在 ModelInputs.split()中，对max_kv_seqlen的处理是 max_kv_seqlen = self.max_kv_seqlen，然后每步 max_kv_seqlen += max_q_seqlen。这使得ModelInputs需要split时，split出来的第0个inp的max_kv_seqlen即为“本段seq_length+本序列split前的prompt总长度”，而非该字段期望的“本段seq_length+本段开头是第几个词元”。同时split出来的其他inp的max_kv_seqlen、sum_kv_seqlen也将是错误的。

也许，ModelInputs.split()中的max_kv_seqlen = self.max_kv_seqlen应该改成 max_kv_seqlen = self.history_lengths[0].item()？不知道这是否是一个bug还是我理解出现了偏差，希望跟各位大佬讨论，谢谢>_<

Reproduction

纯读代码，不涉及复现

Environment

最新分支（https://github.com/InternLM/lmdeploy/commit/83976c934ec6ec1fe0ead5822ae0f1edf9cb1579）

Error traceback

Oct 03 '25 17:10 poorpool

感谢汇报这确实算是一个 bug。
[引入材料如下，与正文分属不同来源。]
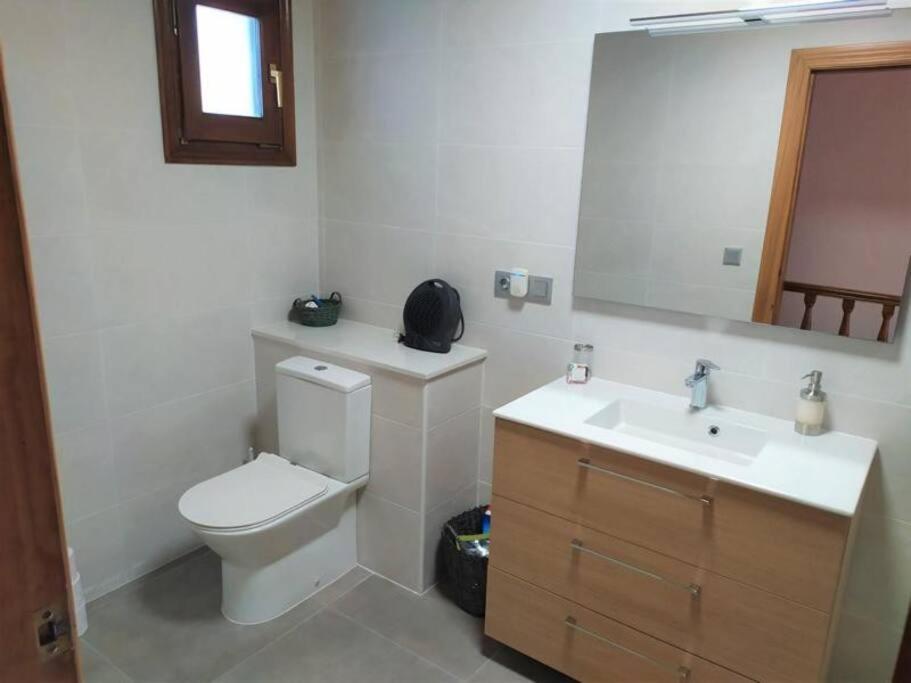 Two-Bedroom House photo 3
ModelInputs.split 是用来处理超长 prefill 的分块计算的，max_kv_seqlen 的初始值应该是历史长度+当前轮 q_seqlen。不过从 self.history_lengths 可能涉及到一次 host-device 同步，不算最好的解决方案，从原本的 max_kv_seqlen 和 max_q_seqlen 进行换算会比较好。我们会尽快修复，或者如果你有这个意向的话也欢迎提 PR。

另外这个值目前主要的用处是 attention 的 grid 以及 kv cache 的一些资源分配，超量分配会造成少量的浪费，但是不会对精度和性能造成太多影响。

Oct 04 '25 16:10 grimoire